While it’s hard to track the source of the ADF’s funding, an arm of the National Christian Foundation — one of the largest charities in the United States — has donated nearly $66 million dollars to the organization since 2018. Organizations like the Richard and Helen DeVos Foundation and The Charles Koch Institute have also donated to the group.
“They have the financing and resources to push this anti-LGBTQ agenda,” says Heidi Beirich. “They’re in this for the long game and aren’t going anywhere. So any of us who are concerned about a vibrant, diverse democracy should be concerned about this group and where their money is coming from because they represent a democratic backsliding. And with the 2024 election fast approaching, it’s even more important to stay vigilant.”
As the ADF’s financial, political, and legal power has increased, the progress and safety of LGBTQ folks in the U.S. have suffered. Hate crimes against LGBTQ people are rising dramatically. Earlier this year, the Department of Homeland Security warned of domestic terror threats to the LGBTQ community. Businesses and churches have received bomb threats for signaling allyship toward the community and far-right extremists like The Proud Boys have turned up at pro-LGBTQ schools to protest and intimidate.
All of this led to the nation’s largest LGBTQ advocacy group, Human Rights Campaign, to issue a national state of emergency for the community at the beginning of Pride month.

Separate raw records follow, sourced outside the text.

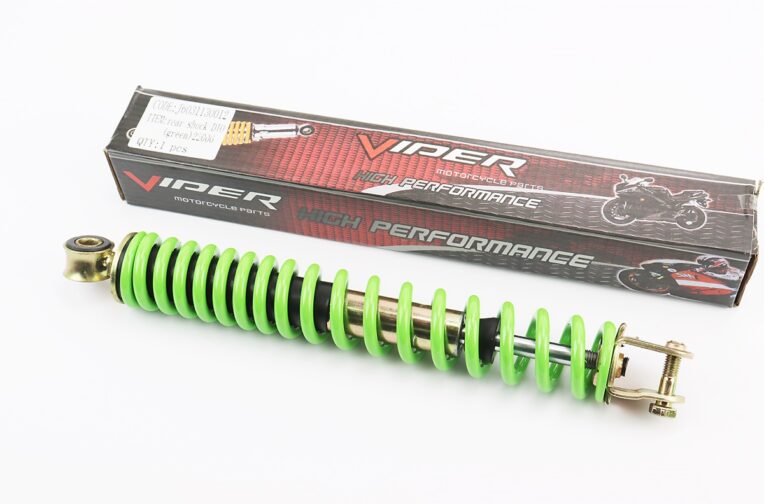 Амортизатор задний GY6/Honda – 305мм*d41мм (втулка 10мм / вилка 8мм), зеленый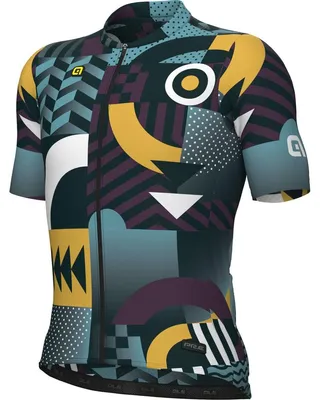 Produktbild von ALÉ Kurzarm Fahrradtrikot - PR-E GAMES - Türkis/Lila/Gelb L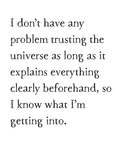 clear explanation art print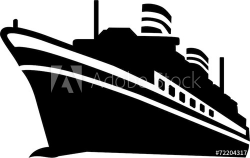 Download cruise black and white clipart Cruise ship Clip art ...
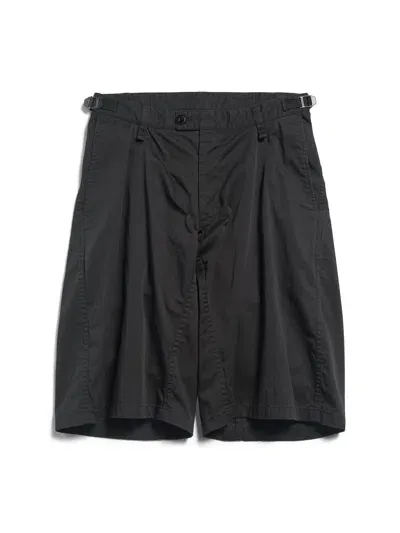 Balenciaga Shorts Minimal Cargo In Black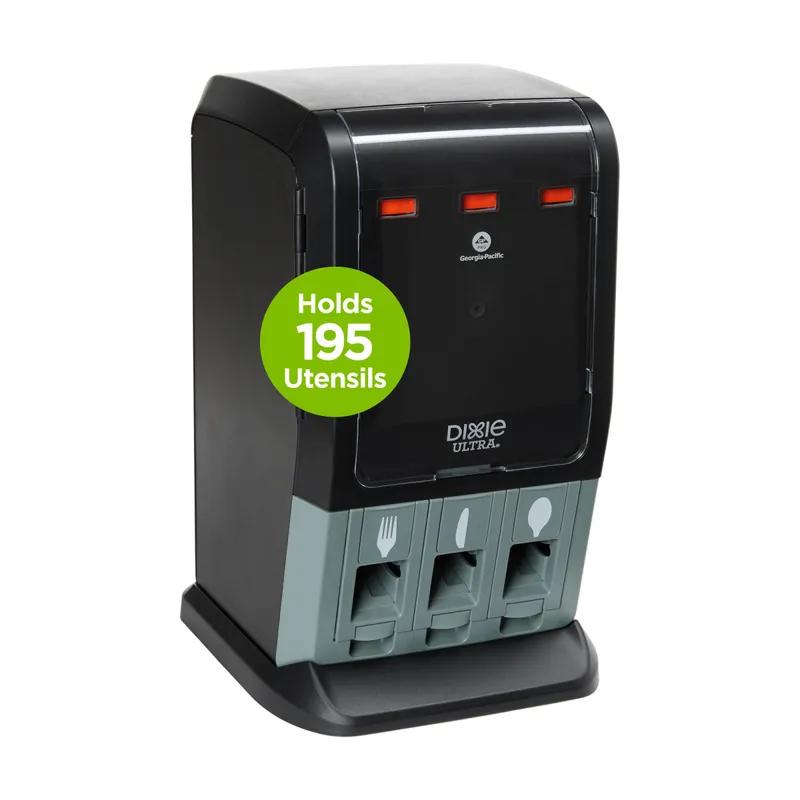 Dixie® Ultra SmartStock® Tri-Tower Series-T Cutlery Dispenser Mini Black 1/Case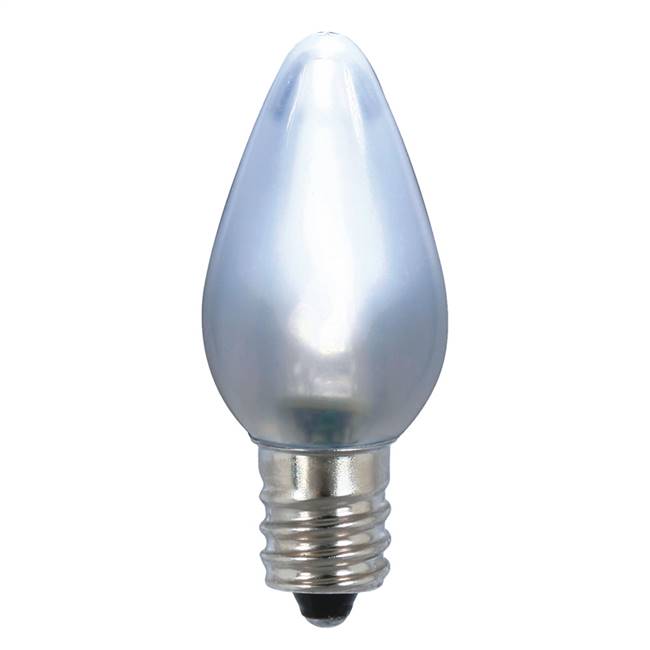 C7 Ceramic LED Cool Wht Twinkle Bulb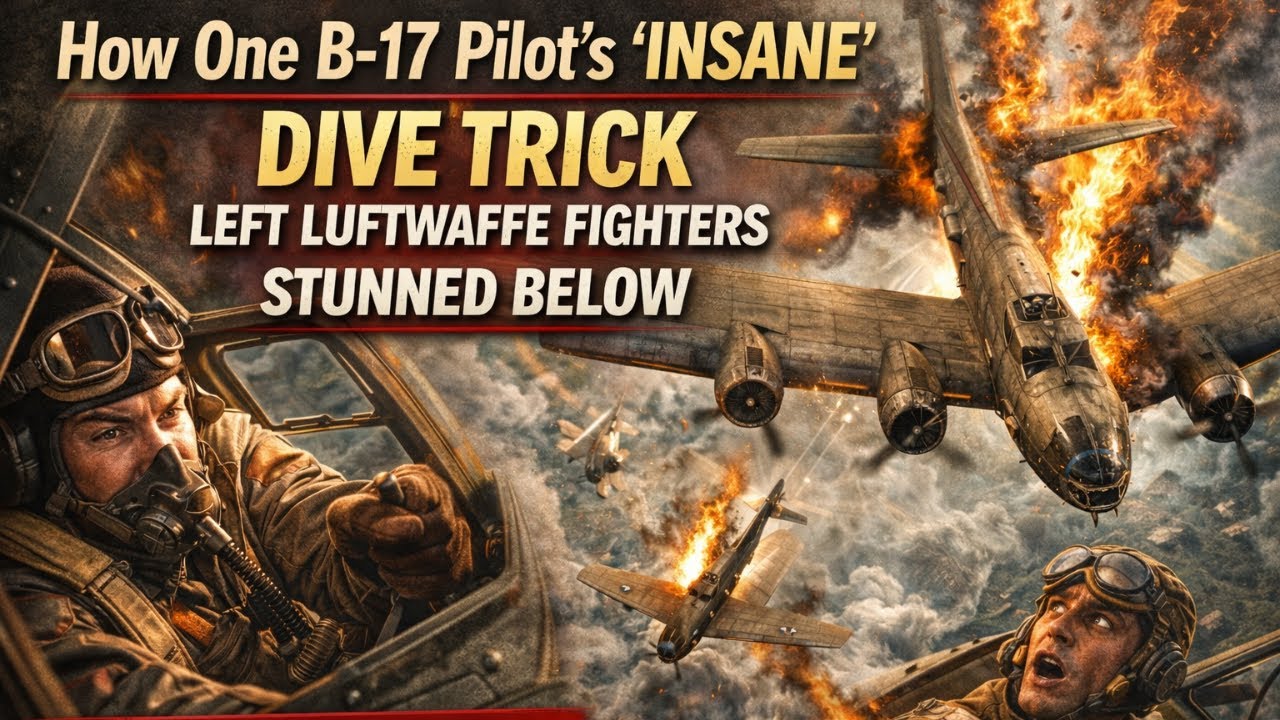 How One B-17 Pilot's 'INSANE' Dive Trick Left Luftwaffe Fighters Stunned Below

While the ADF contends they are working to protect parental rights and to keep kids safe, Datta says the organization is only hurting children and making them more susceptible to hate crimes, terror attacks, and mental health issues. “The last thing on the minds of people in ADF is the welfare of queer kids,” he says.
He points to a Trevor Project study that found 41 percent of LGBTQ kids in the U.S. seriously considered attempting suicide in the last year. “No matter what your sexual orientation or gender identity is, being a teenager can be hard. And then figuring out that you’re a very small minority makes it that much harder. But the icing on the cake is having these grown adults perpetuate an environment where you believe you aren’t equal, and where the hostility that may surround you in your hometown is legitimated by the legal and political power players in American society,” he says.
Datta worries that if the ADF continues to operate in the highest courts relatively unchecked, LGBTQ rights will continue to erode and other groups will also be impacted. “LGTBQ rights are the canary in the coalmine. If you’re able to erode gay and trans rights on the basis of freedom of religion, women, other minority groups, and anyone who happens to have a life that doesn’t end up in a heterosexual, monogamous, nuclear family will be next.”
Because the ADF works to undermine human rights, Datta says, they intentionally try to operate under the radar. “That’s why it’s so important to shed light on what they do and proactively monitor their actions,” he says. “They’re transforming religion from a shield into a weapon. We need to keep our eyes wide open on this group.”